In terms of the rulings issued by the Supreme Court, the image is a fundamental element of identification of the person, it is the external projection of his physical appearance, the graphic representation of the human figure and/or his main characteristics that are part of his identity.
In this sense, the human right to one’s own image protects the right of individuals to: (i) to freely choose the image with which he/she wants to appear before society, and (ii) to decide the uses or purposes for which it is intended to give the manifestations of its image.
Although it is not an author’s right, the Federal Copyright Law contains provisions that protect the right to one’s own image:
- Article 87 regulates the use that may be made of the “portrait” of a person by specifying that the express consent of such person is required.
- Articles 213 and 216 Bis contemplate the possibility of bringing a legal action for the purpose of seeking compensation for the damage caused by the infringement of the right to the image of persons.

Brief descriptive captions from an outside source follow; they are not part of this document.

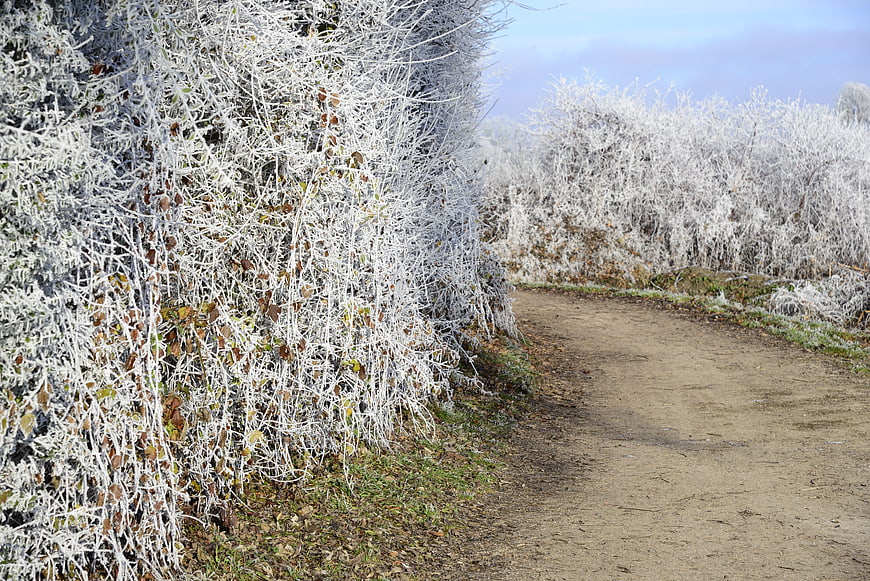 Frosty Winter Path Through Frozen Bushes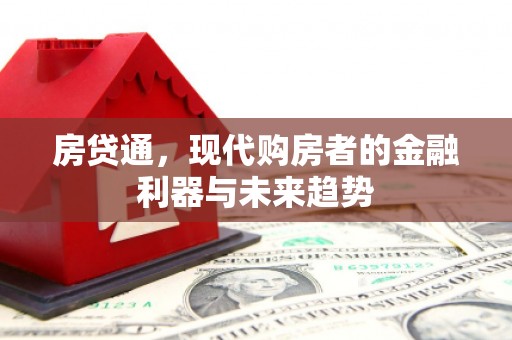 原州房贷通，现代购房者的金融利器与未来趋势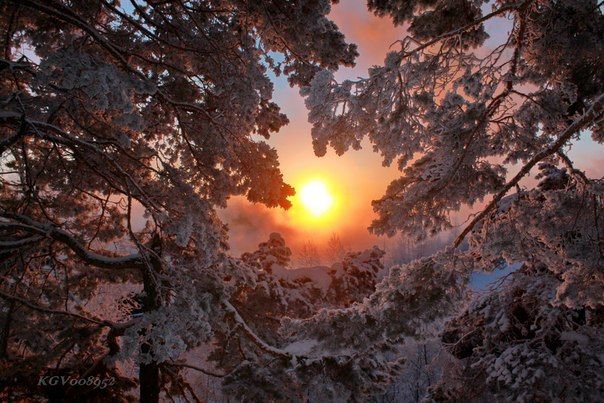 Зима - пейзаж, лес, зима, солнце, природа - оригинал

- Article 231, section II, provides that the use of a person’s image without his or her authorization, for profit, constitutes a commercial infringement.
In relation to the provisions of Article 87 cited above, it is important to mention that in a recently decided case, the First Chamber of the Supreme Court held that the term “portrait” included in said legal provision should not be limited to the concept of “photograph”, but should be extended to any graphic manifestation or representation of the person that forms part of his or her identity. Furthermore, Article 16 of the Law on Civil Liability for the Protection of the Right to Privacy, Honor and Self-Image in the Federal District (now Mexico City) defines image as the “identifiable reproduction of a person’s physical features on any material medium”.
According to the interpretation of our Supreme Court, individuals are entitled to sue for the payment of compensation for damages caused in the event that third parties capture, reproduce or publish their figure or image without their authorization, with the understanding that the corresponding amount must be in accordance with the parameter of fair compensation developed by the Supreme Court.